The Copts of Egypt, direct descendants of the pharaonic civilization, are treated as a minority in a country their ancestors built. The Maronites of Lebanon, the Assyrians of Iraq, the Nubians of Sudan – every one of these populations predates the Arab conquest, and every one of them has been demographically marginalized by it. This is not postcolonial theory. This is the definition of colonialism, applied consistently, without ethnic exemption.
The Arab world demands Palestinian self-determination while denying self-determination to Kurds, Amazigh, Copts, Nubians, Baluch, and every other minority that asks for the same thing inside Arab borders.
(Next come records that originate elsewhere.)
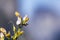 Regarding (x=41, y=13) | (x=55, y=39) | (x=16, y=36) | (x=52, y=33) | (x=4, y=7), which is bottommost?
(x=16, y=36)

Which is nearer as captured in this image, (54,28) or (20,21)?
(20,21)

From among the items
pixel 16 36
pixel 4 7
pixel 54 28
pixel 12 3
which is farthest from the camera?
pixel 54 28

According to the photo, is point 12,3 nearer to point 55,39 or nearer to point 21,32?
point 55,39

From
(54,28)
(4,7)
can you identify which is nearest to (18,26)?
(4,7)

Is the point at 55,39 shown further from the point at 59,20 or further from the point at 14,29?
the point at 14,29

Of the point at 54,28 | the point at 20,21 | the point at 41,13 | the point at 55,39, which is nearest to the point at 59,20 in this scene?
the point at 54,28

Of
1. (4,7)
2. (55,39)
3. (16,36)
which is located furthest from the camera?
(4,7)

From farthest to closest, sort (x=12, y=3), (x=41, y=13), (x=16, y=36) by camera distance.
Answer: (x=41, y=13) < (x=12, y=3) < (x=16, y=36)

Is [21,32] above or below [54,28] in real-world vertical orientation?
below

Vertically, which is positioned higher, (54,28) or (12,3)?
(12,3) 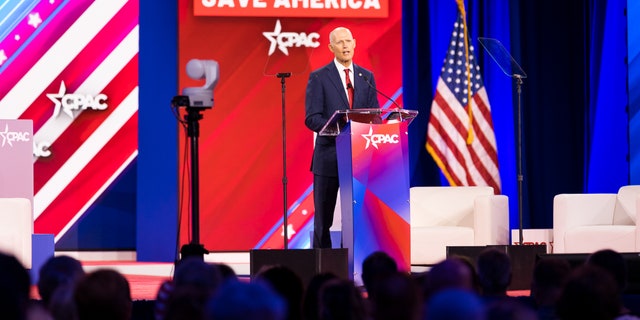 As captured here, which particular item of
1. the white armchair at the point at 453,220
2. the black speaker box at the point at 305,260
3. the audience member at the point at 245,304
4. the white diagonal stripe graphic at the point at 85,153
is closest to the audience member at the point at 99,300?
the audience member at the point at 245,304

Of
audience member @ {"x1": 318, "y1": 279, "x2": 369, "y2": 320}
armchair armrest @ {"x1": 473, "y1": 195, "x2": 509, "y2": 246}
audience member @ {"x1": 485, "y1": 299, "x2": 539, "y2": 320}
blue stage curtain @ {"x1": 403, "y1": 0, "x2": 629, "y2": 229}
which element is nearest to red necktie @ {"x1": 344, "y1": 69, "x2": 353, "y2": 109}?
armchair armrest @ {"x1": 473, "y1": 195, "x2": 509, "y2": 246}

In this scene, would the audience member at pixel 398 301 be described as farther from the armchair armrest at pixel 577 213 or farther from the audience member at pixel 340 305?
the armchair armrest at pixel 577 213

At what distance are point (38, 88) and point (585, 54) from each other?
5.13 metres

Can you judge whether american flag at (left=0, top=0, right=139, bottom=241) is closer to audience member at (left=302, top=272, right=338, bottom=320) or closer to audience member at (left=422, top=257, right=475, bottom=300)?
audience member at (left=302, top=272, right=338, bottom=320)

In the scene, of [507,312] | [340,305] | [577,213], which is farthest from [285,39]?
[507,312]

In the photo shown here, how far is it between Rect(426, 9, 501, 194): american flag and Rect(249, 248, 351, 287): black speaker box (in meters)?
3.95

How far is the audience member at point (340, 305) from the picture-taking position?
2.97m

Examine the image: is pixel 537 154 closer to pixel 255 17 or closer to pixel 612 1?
pixel 612 1

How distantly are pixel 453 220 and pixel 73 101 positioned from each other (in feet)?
11.8

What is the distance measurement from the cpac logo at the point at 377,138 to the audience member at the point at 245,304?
12.4ft

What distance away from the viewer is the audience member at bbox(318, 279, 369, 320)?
9.74ft

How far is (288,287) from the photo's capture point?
354 centimetres

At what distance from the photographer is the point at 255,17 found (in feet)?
31.3

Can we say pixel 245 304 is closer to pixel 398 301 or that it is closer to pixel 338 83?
pixel 398 301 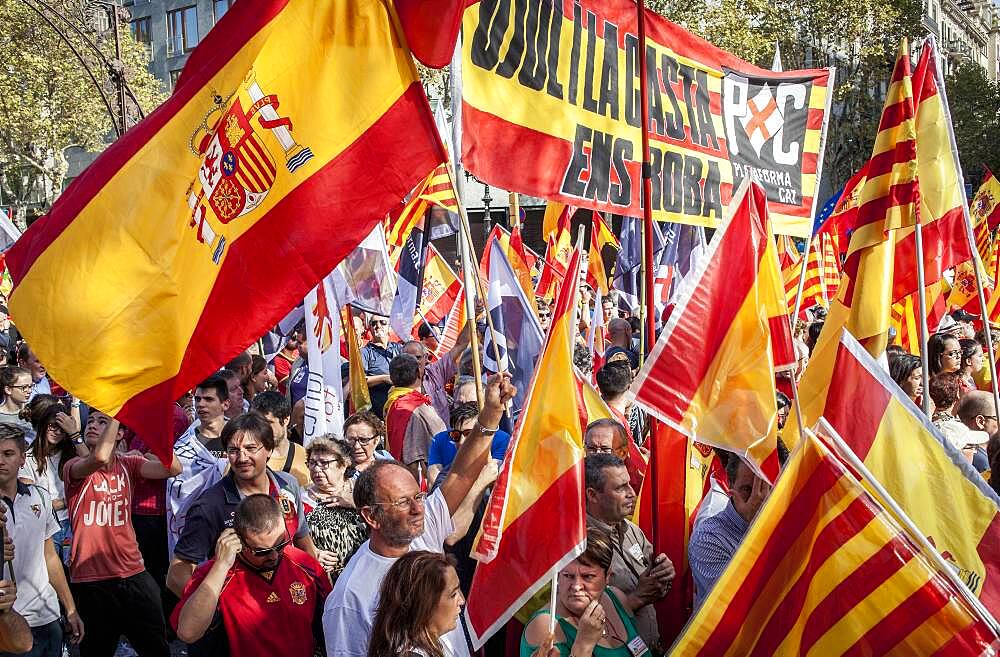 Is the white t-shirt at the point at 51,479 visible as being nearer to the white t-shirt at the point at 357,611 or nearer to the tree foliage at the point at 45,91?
the white t-shirt at the point at 357,611

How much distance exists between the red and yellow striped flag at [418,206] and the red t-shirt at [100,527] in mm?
5796

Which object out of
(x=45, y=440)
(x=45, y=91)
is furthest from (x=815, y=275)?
(x=45, y=91)

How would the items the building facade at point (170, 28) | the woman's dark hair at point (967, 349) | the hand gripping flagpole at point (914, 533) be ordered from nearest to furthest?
1. the hand gripping flagpole at point (914, 533)
2. the woman's dark hair at point (967, 349)
3. the building facade at point (170, 28)

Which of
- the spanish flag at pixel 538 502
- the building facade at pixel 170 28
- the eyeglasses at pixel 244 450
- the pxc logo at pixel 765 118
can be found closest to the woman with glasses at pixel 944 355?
the pxc logo at pixel 765 118

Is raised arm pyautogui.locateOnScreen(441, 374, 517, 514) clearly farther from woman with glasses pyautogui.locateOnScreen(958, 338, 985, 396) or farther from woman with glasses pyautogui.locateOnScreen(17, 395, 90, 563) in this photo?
woman with glasses pyautogui.locateOnScreen(958, 338, 985, 396)

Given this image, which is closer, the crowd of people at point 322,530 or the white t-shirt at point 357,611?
the white t-shirt at point 357,611

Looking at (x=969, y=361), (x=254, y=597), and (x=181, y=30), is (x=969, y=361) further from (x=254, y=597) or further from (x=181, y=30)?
(x=181, y=30)

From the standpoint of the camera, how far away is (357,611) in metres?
4.00

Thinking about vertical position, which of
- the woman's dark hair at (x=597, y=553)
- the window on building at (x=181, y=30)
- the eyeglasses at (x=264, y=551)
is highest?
the window on building at (x=181, y=30)

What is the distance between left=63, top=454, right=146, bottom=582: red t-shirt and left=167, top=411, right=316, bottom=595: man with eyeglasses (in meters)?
1.22

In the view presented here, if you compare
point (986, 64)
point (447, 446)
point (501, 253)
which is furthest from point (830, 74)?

The Arab world does not deny this history. It does something far more effective: it ignores it. It has constructed a doctrinal edifice in which colonialism is something that only Europeans do, in which indigeneity is something only Arabs possess, and in which the Jewish presence in the land of Israel – a presence older than Arab civilization itself – is recast as foreign intrusion.
And until the Arab world summons the honesty to look at the mosque sitting on top of someone else’s temple and call it what it is, its accusations of colonialism will remain what they have always been: the largest act of projection in human history – an entire political order accusing others of the very crime it perfected.